Cardiovascular Monitoring and Stimulant Drugs for Attention-Deficit Hyperactivity Disorder - Policy Statement of the American Academy of Pediatrics
Published online on May 28, 2008
http://www.aap.org/new/ecg-adhd.htm

American Academy of Pediatrics/American Heart Association Clarification of Statement on Cardiovascular Evaluation and Monitoring of Children and Adolescents With Heart Disease Receiving Medications for ADHD
Published online on June 3, 2008
http://americanheart.mediaroom.com/index.php?s=43&item=422

In late April the American Heart Association (AHA) released new guidelines for children receiving stimulant medication for Attention Deficit Hyperactivity Disorder (ADHD) The AHA recommended that all children beginning treatment with stimulant medications, and those already on stimulant medication, should have an electrocardiogram (ECG) to search for occult heart disease that could place them at increased risk for sudden cardiac death. This recommendation caused anxiety in many parents and frustration in many psychiatrists and pediatricians.

The AHA recommendation has significant procedural and financial implications. It is estimated that 2.5 million children are receiving stimulant medication now. Obtaining an ECG on each one would entail significant costs. For some patients a further barrier was the suggestion that the ECG should be reviewed by a practitioner experienced in reading pediatric ECG.  This would limit the reading of these studies to pediatric cardiologists and a small subset of pediatricians.

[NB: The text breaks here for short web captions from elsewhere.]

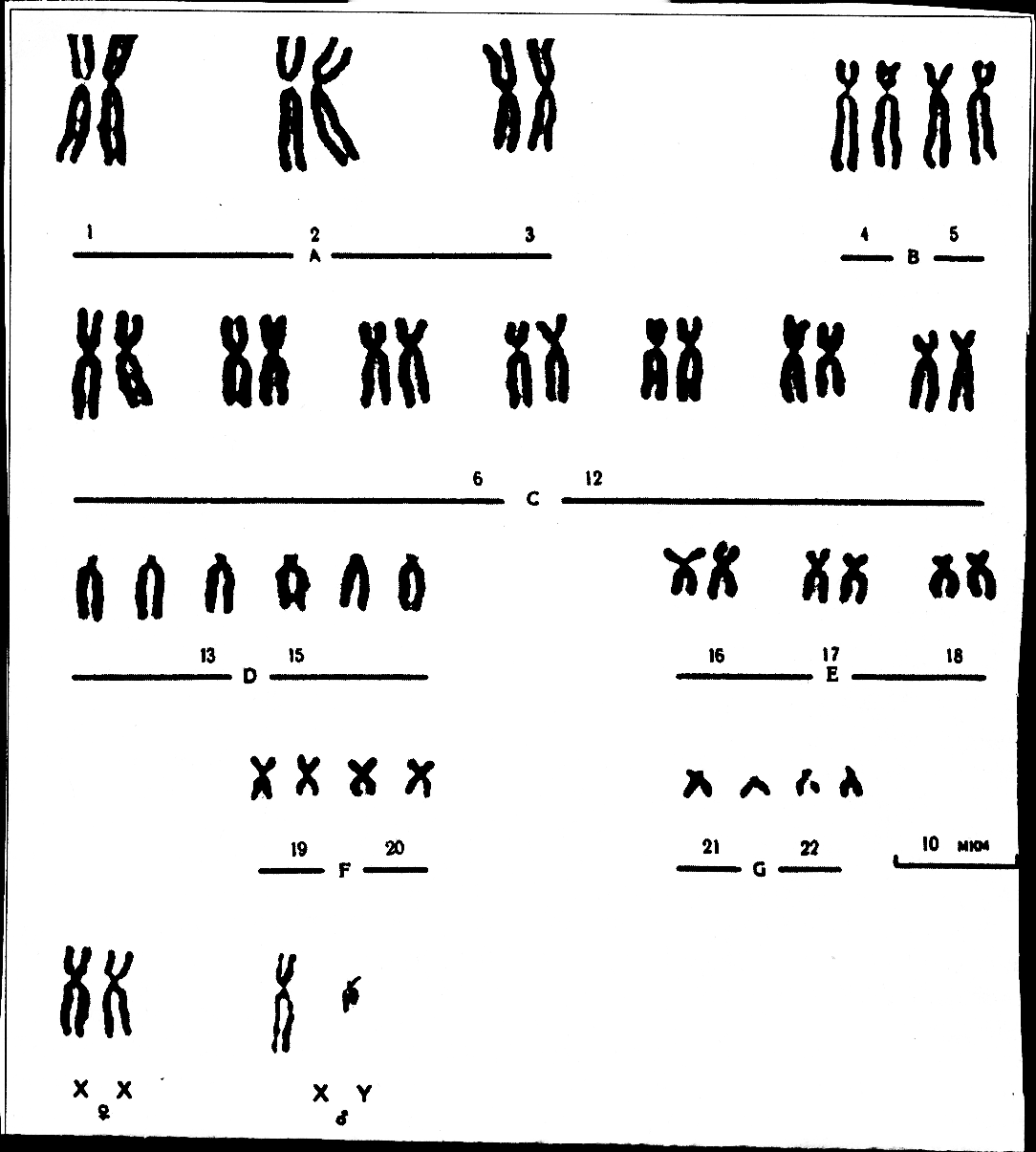 Диаграмма кариотипа человека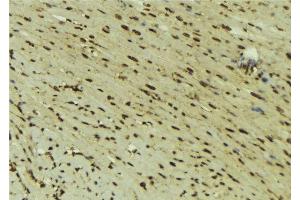 ABIN6277618 at 1/100 staining Mouse muscle tissue by IHC-P. (DNMT1 antibody  (Internal Region))
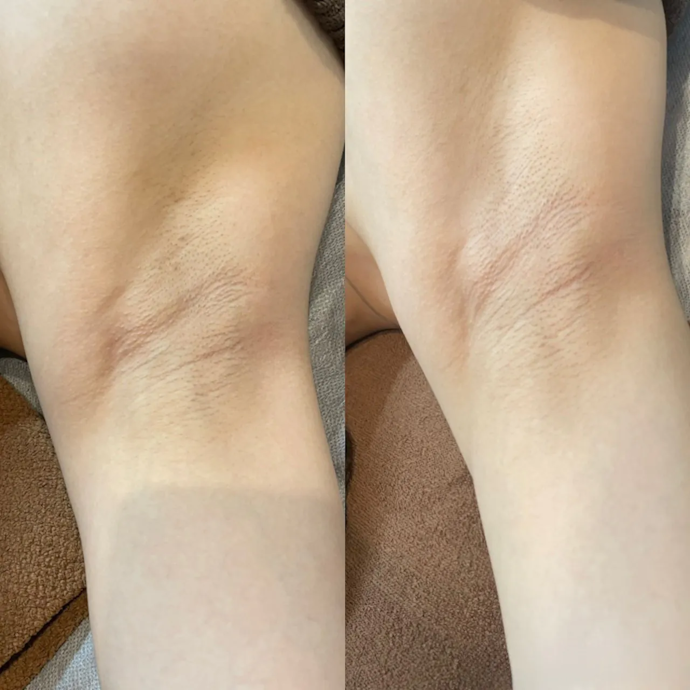 脇の黒ずみはどれくらいで治る?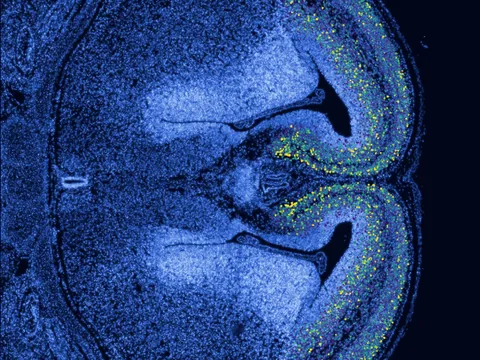 Mouse brain preview
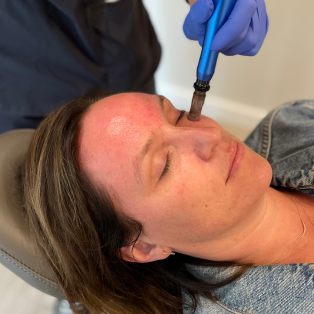 Microneedling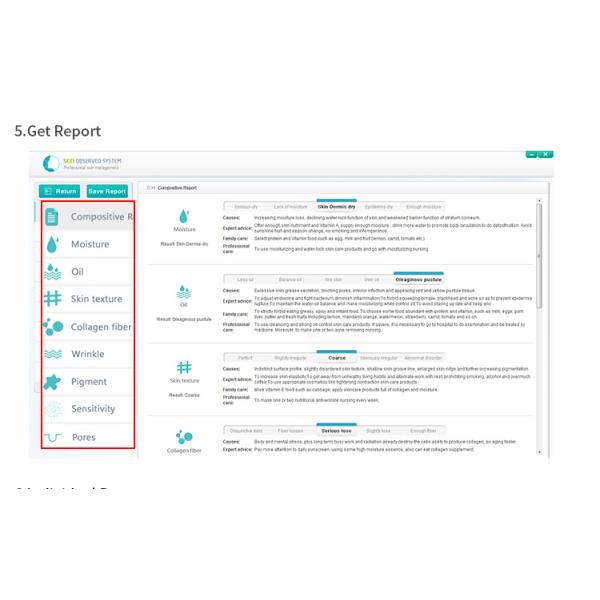 машина 2560 * 1920 анализа кожи анализатора объема кожи разрешения для спа красоты
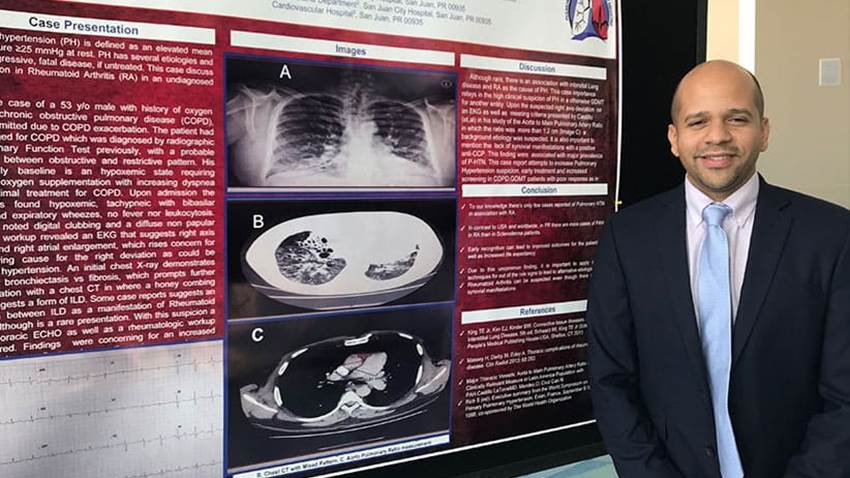 Síntomas en pulmón y no en articulaciones se presenta en paciente de artritis puertorriqueño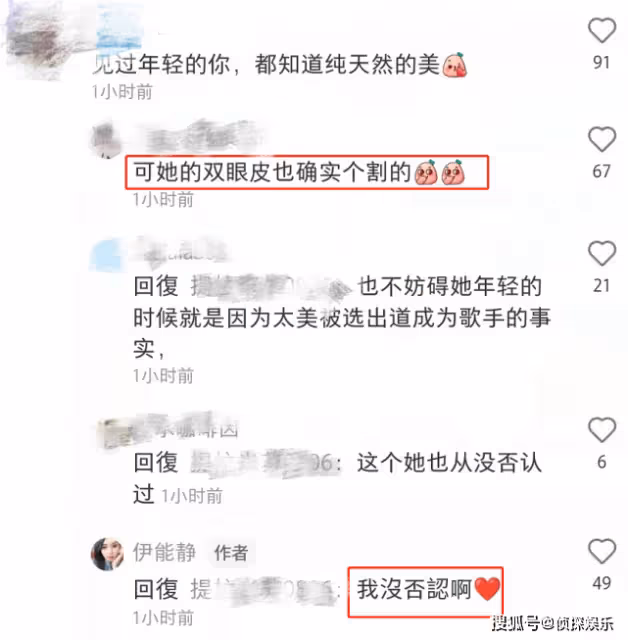 53歲伊能靜首曝「額頭疤痕」由來！否認是整容後遺症　大方承認「割過雙眼皮」不覺丟人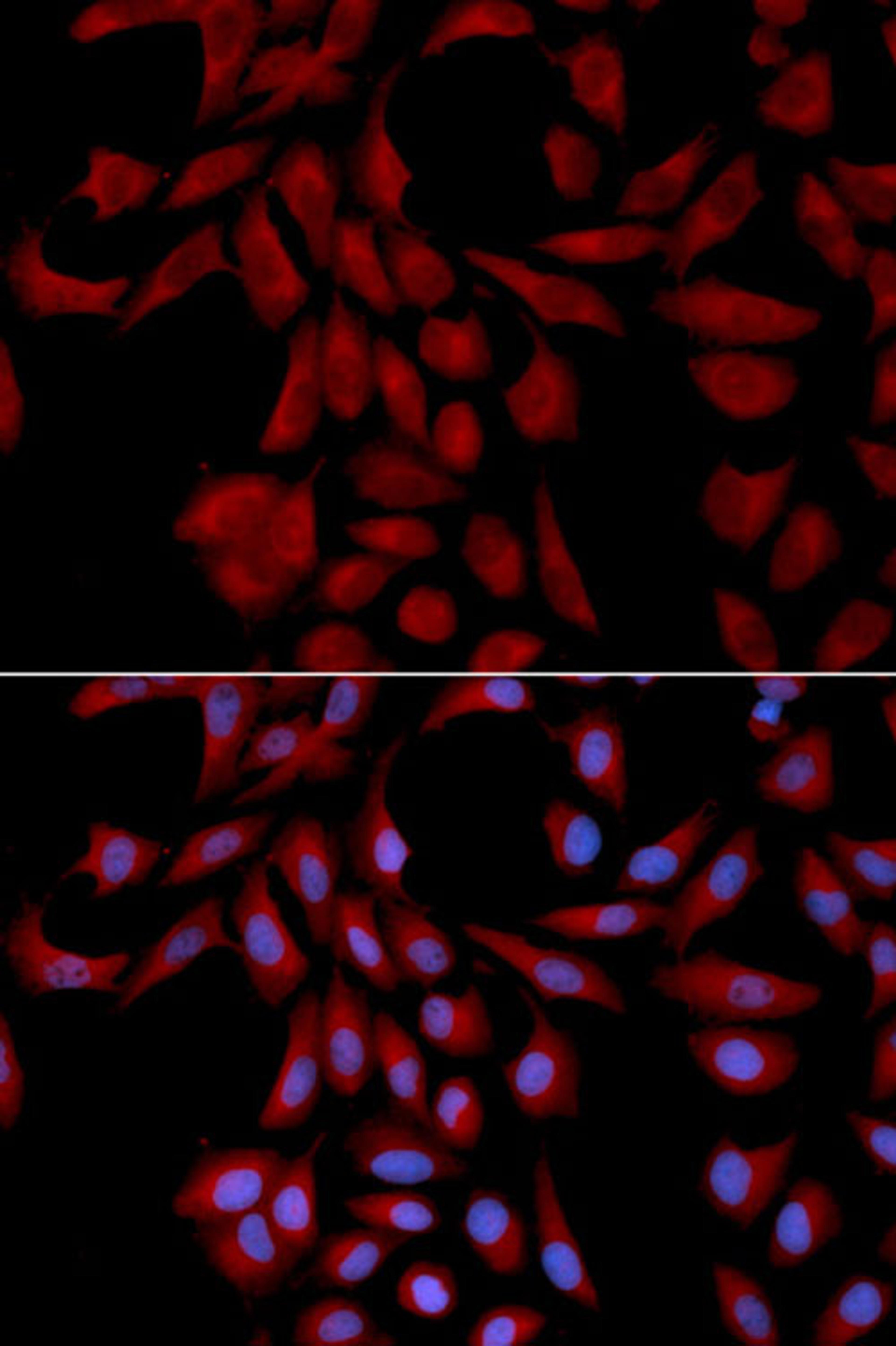 Immunofluorescence - UBE2I antibody (A13558)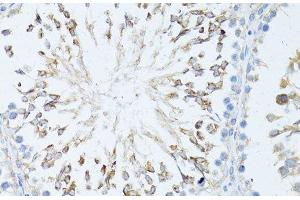 Immunohistochemistry of paraffin-embedded Rat testis using TEFM Polyclonal Antibody at dilution of 1:100 (40x lens).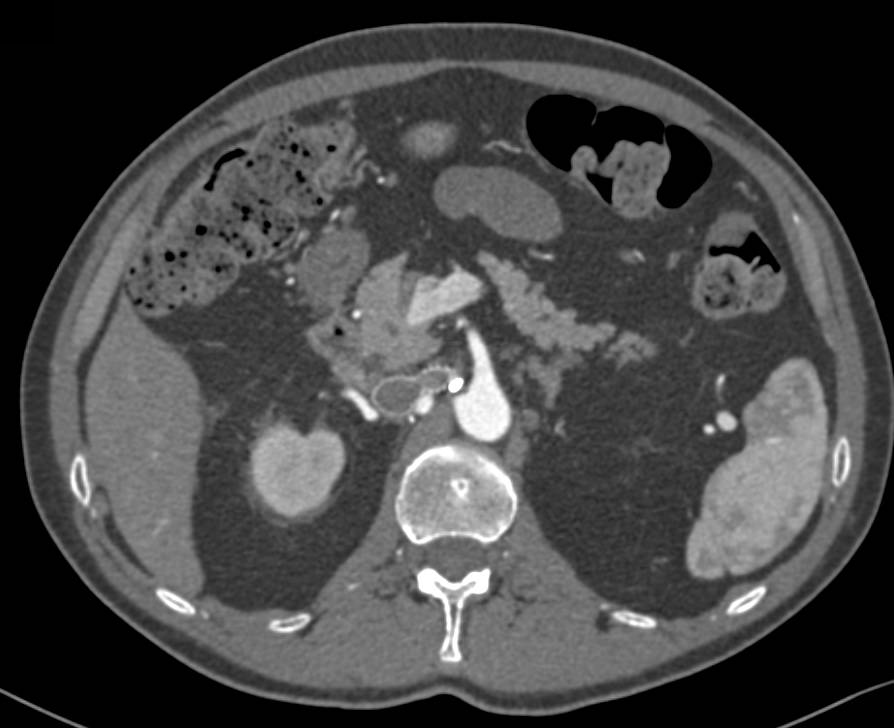 Inferior Vena Cava (IVC) Stent with IVC Reconstruction with 3D Mapping - CTisus CT Scan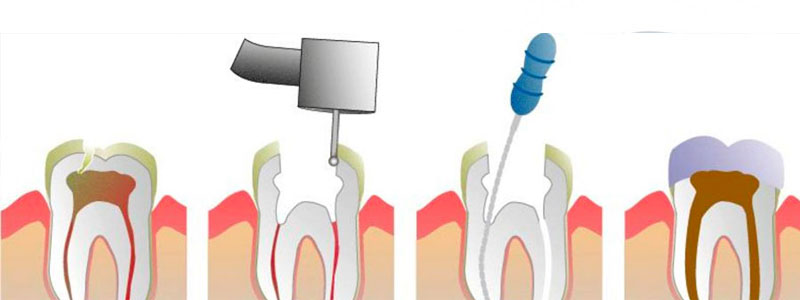 Root Canal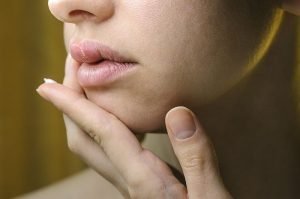 Herpes on the Upper Lip of a Young Woman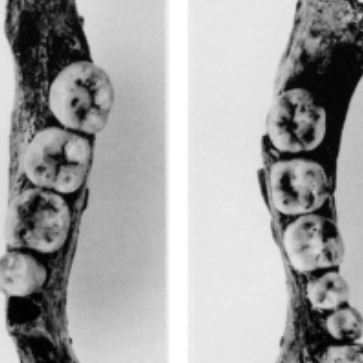 virmuze exhibit Dentition of Individual 1 logo main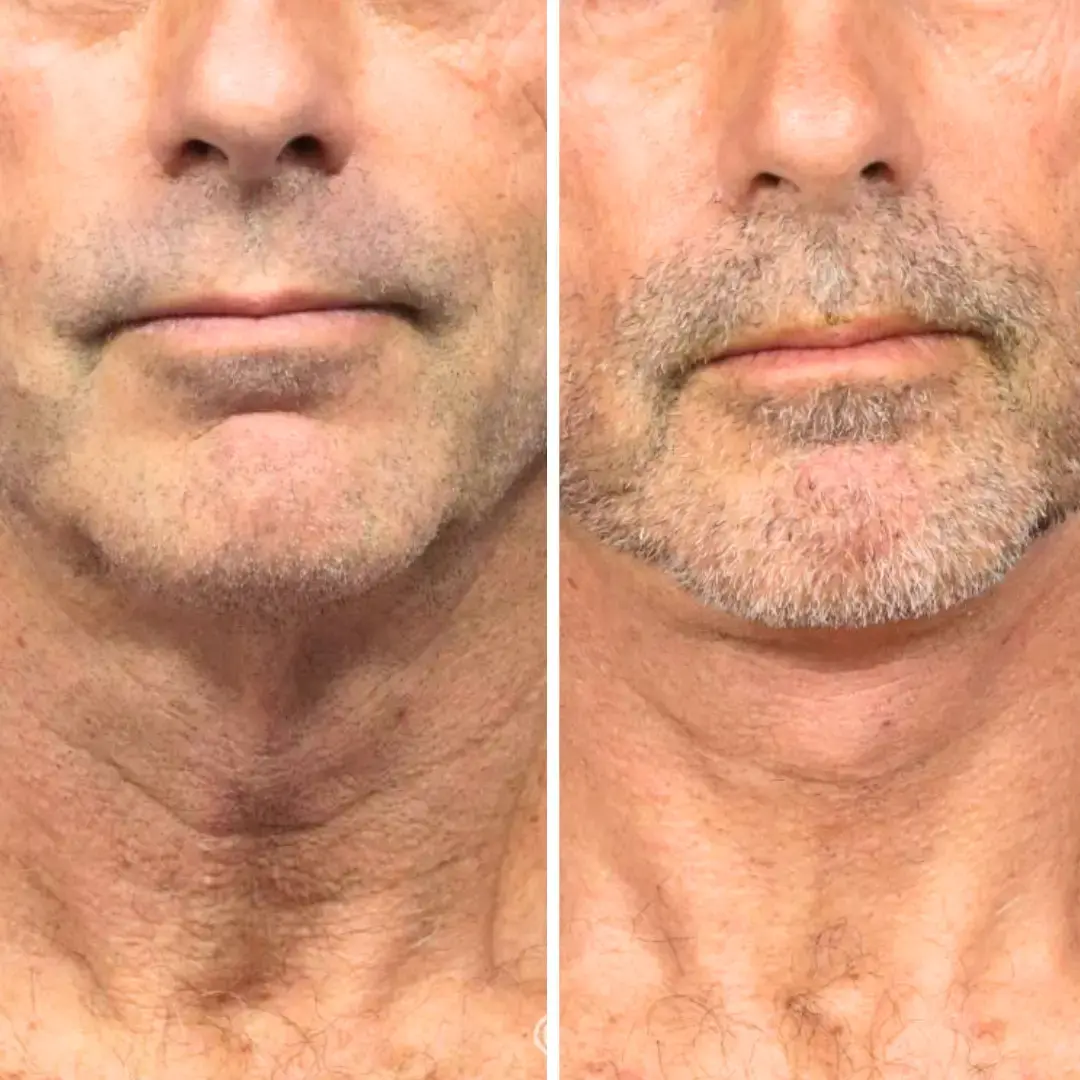 before after image of male in his 50's showing improved appearance of turkey neck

Within a month the American Academy of Pediatrics (AAP) fired back. The AAP published its own policy statement on stimulants and ADHD on May 28, 2008. Highlights included. 

  • Sudden Cardiac Death (SCD) in persons taking medications for ADHD is a rare event occurring at rates no higher than in the general population of children and adolescents
  • Stimulant medication can cause mild elevations of blood pressure and heart rate but there is no evidence they increase the risk of SCD
  • There is no evidence that the routine use of ECG screening before beginning medication for ADHD treatment would prevent SCD.
  • Substantial evidence exists concerning the efficacy and safety of ADHD treatment with stimulant medications.
  • Requiring an ECG before stimulant treatment could create a barrier to timely therapy. Limiting children’s access to effective treatment for ADHD could have serious implications, because there are substantial risks of not treating ADHD.

The AAP recommended that the cardiac evaluation of children taking stimulant medication should not change from their previous policy in 2000. The recommendations were as follows:

1. The AAP continues to recommend a careful assessment of all children, including those starting stimulants, using a targeted cardiac history (e.g., patient history of previously detected cardiac disease, palpitations, syncope, or seizures; a family history of sudden death in children or young adults; hypertrophic cardiomyopathy; long QT syndrome) and a physical examination, including a careful cardiac examination.

2. Given current evidence, the AAP encourages primary care and subspecialty physicians to continue currently recommended treatment for ADHD, including stimulant medications, without obtaining routine ECGs or routine subspecialty cardiology evaluations for most children before starting therapy with these medications.

To resolve confusion between the two professional societies the AAP and AHA issued a joint statement on June 3, 2008. The relevant portion is listed below:

  • Obtaining a patient and family health history and doing a physical exam focused on cardiovascular disease risk factors are recommended by the AAP and AHA for assessing patients before treatment with drugs for ADHD.
  • It is reasonable for a physician to consider obtaining an ECG as part of the evaluation of children being considered for stimulant drug therapy, but this should be at the physician’s judgment, and it is not mandatory to obtain one.
  • Treatment of a patient with ADHD should not be withheld because an ECG is not done

Editorial Comment
The AAP statement of May 28, 2008 is reasonable guidelines that practitioners should embrace. Patients should be screened by history for potential cardiac risk factors and have a physical exam that focuses on cardiovascular system. Patients with known or suspected heart disease may need an ECG and further specialty evaluation.